The pattern: every model released in the last 2–3 months. Ollama (v0.17.1) bundles GGUFs ahead of llama.cpp's upstream support. As llama.cpp adds support for these architectures I'll re-run and update.


How to Reproduce

git clone https://github.com/ggerganov/llama.cpp && cd llama.cpp

CUDACXX=/usr/local/cuda/bin/nvcc cmake -B build \
  -DGGML_CUDA=ON -DCMAKE_BUILD_TYPE=Release -DBUILD_SHARED_LIBS=OFF
cmake --build build --config Release -j$(nproc)

# Baseline throughput
./build/bin/llama-bench \
  -m /path/to/model.gguf \
  -ngl 99 -fa 1 \
  -p 128,512,2048 -n 128,512 \
  -r 3

# Context depth scaling
./build/bin/llama-bench \
  -m /path/to/model.gguf \
  -ngl 99 -fa 1 \
  -p 512 -n 128 -r 3 \
  -d 0,8192,32768,65536

For loading Ollama's cached GGUFs directly, see Where Ollama Stores Your Models.

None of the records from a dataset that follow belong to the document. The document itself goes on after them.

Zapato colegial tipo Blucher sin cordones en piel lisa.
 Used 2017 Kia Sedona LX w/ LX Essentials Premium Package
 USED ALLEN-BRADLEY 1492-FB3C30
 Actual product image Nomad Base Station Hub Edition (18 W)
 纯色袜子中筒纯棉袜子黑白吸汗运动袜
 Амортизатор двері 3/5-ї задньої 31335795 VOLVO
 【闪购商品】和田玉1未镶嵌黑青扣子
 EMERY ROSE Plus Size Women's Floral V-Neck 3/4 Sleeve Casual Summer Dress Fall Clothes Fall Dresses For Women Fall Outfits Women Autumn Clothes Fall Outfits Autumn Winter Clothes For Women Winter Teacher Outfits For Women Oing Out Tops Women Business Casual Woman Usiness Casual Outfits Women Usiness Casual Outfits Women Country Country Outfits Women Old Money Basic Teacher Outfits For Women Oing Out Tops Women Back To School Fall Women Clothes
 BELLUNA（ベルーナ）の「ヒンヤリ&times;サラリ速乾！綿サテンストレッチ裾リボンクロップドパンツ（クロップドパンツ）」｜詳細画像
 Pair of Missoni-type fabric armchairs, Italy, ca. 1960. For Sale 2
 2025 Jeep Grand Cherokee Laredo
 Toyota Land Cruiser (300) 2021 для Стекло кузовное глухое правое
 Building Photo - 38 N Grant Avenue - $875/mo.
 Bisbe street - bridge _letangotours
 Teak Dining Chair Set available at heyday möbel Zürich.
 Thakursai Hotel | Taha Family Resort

The result that stuck with me: at 65K context, the 70B model degraded less than the 12B. More weight in VRAM isn't always slower — sometimes it's more stable. The 10 models that didn't load are the ones I'm most curious about. I'll re-run this post when llama.cpp catches up to the newer architectures.